Tuesday, 4 December 2012

essay | Text 02

By Kent Chan

Information, as a body of knowledges and ideas, is synonymous to the 'internet' landscape. Its volume and accessibility provides a readymade resource for curators to mine. Appropriating sets of knowledge as a basis for exhibitions is commonplace, often adopted as a predefined strategy. The Internet and its 'raw materials', in its organization and contents, can also be readily assimilated into an exhibition. (6 Modules)
                                
Taking a step back, the thought experiment would appear to invite questioning. One can’t help but wonder if the experiment was rigged from the start, whereby its introduction had inevitably conditioned our own encounter with the curatorial. Whether it was the participants that were examining the different propositions or the propositions becoming an examination of the participants.

But beyond the initial suspicion, it is tempting to want to agree with the proposition. In that it seems already a given fact, albeit one built upon a generalized point of view.
           
While the Internet is indeed made up of amongst other things, information, it is not to say that information is necessarily the Internet. There is a degree of generalization and assumption in the wording of the proposition, but what it does point to, is that information acquisition in the everyday is very often derived via the use of the Internet. And that the Internet has grown to condition the way we process different sets of information. To view the two as interchangeable as proposed by the proposition would entail the need to adopt particular frameworks in our perspectives.

The Internet and conceptual art practices

In the context of art and/or exhibition making, one would likely look to conceptual art practices as providing such a framework. In drawing the links between the Internet and conceptual art practices, Boris Groys writes:

Today, contemporary networks of communication like Facebook, YouTube, and Twitter offer global populations the possibility of presenting their photos, videos and texts juxtaposed in ways that cannot be distinguished from those of many post-conceptualist artworks. The visual grammar of a website is not too different from the grammar of an installation space. Through the Internet, conceptual art today has become a mass cultural practice.[i]

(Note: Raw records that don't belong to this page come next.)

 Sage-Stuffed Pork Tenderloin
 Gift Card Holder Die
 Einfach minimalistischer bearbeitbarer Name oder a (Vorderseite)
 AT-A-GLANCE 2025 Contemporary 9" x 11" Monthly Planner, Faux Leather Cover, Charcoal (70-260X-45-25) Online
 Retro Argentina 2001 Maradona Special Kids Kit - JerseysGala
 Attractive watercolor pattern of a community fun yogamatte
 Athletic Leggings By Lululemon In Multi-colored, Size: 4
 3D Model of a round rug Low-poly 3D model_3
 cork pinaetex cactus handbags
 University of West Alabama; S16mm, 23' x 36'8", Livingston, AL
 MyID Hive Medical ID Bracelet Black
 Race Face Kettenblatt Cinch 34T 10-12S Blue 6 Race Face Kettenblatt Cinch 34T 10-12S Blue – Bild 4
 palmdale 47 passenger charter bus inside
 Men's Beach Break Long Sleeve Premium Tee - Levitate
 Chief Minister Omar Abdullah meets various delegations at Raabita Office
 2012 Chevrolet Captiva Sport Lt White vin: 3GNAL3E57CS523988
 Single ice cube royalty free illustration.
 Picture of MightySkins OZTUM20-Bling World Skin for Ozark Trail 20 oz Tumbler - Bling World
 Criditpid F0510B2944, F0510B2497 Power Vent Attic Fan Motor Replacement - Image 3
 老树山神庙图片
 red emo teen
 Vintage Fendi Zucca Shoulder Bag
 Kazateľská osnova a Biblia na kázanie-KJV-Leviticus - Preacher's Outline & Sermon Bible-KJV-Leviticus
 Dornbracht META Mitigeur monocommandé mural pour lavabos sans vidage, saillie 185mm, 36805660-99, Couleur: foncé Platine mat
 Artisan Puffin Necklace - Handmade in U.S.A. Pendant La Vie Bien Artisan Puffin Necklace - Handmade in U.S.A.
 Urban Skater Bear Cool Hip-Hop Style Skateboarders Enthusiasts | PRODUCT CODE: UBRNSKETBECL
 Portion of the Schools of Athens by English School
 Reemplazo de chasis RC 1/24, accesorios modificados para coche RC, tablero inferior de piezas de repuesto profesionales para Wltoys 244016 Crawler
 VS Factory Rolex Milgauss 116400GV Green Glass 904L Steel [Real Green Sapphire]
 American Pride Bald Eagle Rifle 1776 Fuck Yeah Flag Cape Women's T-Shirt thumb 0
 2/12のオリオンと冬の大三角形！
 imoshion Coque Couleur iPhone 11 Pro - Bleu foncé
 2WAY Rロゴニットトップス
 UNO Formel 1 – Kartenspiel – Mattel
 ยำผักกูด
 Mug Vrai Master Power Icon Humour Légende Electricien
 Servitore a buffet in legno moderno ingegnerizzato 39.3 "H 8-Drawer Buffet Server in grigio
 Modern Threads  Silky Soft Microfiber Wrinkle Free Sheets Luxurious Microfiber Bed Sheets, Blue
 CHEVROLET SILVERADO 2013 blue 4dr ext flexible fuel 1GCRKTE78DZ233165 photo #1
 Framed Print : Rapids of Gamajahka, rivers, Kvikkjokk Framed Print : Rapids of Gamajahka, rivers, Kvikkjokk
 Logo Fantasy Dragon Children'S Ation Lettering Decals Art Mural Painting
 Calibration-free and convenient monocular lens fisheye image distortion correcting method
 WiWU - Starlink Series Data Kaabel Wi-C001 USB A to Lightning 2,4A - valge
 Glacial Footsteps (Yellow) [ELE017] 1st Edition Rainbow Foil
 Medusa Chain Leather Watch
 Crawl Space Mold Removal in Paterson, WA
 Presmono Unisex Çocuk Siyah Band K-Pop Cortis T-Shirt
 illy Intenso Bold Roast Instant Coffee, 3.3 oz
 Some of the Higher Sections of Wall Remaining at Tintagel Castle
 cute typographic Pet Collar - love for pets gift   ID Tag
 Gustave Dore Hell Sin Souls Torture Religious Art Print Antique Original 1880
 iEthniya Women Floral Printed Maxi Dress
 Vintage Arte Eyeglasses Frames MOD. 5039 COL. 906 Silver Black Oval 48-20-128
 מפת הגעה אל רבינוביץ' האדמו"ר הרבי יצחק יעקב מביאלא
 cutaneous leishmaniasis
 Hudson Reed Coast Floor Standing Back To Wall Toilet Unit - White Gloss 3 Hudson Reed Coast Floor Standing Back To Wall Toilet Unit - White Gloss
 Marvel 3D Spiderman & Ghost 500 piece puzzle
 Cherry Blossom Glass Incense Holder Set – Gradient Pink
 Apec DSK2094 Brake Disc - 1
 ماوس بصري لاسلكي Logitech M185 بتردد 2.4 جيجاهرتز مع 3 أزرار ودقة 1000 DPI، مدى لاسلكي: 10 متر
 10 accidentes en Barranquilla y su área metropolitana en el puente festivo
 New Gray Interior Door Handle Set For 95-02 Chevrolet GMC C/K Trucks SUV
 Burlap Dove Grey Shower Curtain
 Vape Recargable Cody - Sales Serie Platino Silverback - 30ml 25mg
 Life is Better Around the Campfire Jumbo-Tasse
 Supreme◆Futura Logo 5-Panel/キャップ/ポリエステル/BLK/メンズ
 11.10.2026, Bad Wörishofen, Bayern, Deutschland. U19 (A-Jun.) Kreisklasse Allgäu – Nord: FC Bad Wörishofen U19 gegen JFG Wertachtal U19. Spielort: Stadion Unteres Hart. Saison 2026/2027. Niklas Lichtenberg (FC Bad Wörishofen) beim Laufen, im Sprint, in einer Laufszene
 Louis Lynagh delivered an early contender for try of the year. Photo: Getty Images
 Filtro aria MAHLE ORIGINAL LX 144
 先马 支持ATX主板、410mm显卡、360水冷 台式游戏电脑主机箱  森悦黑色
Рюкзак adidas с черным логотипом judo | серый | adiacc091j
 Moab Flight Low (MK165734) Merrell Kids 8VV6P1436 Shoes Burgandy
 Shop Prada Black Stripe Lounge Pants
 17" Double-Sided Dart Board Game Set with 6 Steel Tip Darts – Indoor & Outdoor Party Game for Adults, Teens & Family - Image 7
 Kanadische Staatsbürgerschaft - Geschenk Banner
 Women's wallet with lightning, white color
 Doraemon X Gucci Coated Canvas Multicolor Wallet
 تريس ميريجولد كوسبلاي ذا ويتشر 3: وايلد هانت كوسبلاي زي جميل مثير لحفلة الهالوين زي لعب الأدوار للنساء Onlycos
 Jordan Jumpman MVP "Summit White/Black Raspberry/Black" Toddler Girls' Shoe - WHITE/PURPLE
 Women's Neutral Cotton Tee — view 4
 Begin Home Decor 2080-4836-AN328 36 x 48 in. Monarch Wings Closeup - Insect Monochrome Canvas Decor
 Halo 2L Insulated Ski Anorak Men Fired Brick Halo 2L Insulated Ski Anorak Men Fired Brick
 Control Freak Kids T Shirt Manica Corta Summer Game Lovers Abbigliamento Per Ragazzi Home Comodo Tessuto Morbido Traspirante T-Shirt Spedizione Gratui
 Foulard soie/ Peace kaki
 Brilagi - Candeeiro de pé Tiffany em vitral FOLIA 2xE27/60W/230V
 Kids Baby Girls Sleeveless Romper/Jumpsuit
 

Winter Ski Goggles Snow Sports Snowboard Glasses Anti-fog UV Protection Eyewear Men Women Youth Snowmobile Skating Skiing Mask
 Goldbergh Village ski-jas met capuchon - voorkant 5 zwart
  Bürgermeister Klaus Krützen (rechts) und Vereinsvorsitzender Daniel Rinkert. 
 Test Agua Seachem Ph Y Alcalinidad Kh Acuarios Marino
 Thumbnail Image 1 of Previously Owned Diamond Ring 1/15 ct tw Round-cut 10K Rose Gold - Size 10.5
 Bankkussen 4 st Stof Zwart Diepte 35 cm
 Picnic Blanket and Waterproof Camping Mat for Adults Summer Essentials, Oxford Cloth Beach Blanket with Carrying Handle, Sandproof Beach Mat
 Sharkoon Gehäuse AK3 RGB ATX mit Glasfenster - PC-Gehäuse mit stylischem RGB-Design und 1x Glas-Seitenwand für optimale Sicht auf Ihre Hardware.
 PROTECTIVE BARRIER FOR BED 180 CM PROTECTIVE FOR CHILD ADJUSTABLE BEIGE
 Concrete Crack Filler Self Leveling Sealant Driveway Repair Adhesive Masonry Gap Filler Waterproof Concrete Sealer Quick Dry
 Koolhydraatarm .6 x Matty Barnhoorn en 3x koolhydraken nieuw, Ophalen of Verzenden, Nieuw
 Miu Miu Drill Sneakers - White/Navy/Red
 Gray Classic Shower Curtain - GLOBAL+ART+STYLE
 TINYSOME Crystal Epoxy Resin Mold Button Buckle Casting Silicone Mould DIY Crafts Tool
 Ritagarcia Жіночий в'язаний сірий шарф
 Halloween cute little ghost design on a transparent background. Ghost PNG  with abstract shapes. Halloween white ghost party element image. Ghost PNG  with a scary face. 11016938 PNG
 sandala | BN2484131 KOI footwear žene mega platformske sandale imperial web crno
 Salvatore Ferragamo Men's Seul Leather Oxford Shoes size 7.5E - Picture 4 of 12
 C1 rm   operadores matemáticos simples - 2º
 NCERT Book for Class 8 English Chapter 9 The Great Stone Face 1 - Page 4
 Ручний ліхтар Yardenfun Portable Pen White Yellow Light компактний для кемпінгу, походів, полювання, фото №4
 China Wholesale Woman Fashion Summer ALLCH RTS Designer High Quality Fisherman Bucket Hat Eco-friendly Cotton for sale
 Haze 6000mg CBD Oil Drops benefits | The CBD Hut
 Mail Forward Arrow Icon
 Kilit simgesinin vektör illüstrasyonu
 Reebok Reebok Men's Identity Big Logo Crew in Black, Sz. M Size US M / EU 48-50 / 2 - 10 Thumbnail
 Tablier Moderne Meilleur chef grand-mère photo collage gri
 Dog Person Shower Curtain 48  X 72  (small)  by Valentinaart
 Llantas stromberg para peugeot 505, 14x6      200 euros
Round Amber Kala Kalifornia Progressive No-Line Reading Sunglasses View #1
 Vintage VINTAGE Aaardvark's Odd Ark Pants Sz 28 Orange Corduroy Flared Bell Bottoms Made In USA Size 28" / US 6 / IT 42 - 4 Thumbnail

Groys in pointing out the visual grammar of the Internet draws attention to the fact that the way we encounter the Internet is through representation, by way of a graphic user interface (GUI). The Internet itself is a vast network of information and data. Hence, whenever we access the Internet, what we encounter is not only information, but through the visual interface also the very ordering of information – an ontological overlap. The Internet not only allows us to access information, it enables us to encounter Information. Encountering not just the information as content, but also information as form, similar to conceptual art practice.

Just as how websites order different sets of knowledge, curating too involves the organization of objects each embodying its own unique set of knowledge. Thus, a vis-à-vis transposition that is increasingly commonplace with the proliferation of the Internet within the everyday and curatorial practice.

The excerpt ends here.